■ Task objective ■
All lines in the records that carry the string "Brake" are to be shown.

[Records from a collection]

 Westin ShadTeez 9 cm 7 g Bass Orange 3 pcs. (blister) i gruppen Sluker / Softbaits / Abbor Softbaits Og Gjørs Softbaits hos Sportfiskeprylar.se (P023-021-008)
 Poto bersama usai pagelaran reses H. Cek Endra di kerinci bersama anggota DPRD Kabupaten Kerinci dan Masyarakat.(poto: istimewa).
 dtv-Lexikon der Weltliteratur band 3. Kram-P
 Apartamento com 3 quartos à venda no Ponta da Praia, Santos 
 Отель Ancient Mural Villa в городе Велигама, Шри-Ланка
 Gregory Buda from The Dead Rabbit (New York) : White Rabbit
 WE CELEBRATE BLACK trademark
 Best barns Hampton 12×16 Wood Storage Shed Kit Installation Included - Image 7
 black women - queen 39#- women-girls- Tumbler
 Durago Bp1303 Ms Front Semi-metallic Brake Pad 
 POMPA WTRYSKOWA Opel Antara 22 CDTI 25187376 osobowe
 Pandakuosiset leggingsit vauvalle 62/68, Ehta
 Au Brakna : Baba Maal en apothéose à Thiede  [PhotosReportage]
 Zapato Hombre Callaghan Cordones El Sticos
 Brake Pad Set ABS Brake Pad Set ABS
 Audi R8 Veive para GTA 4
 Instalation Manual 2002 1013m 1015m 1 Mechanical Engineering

■ Answer space ■
 Durago Bp1303 Ms Front Semi-metallic Brake Pad 
 Brake Pad Set ABS Brake Pad Set ABS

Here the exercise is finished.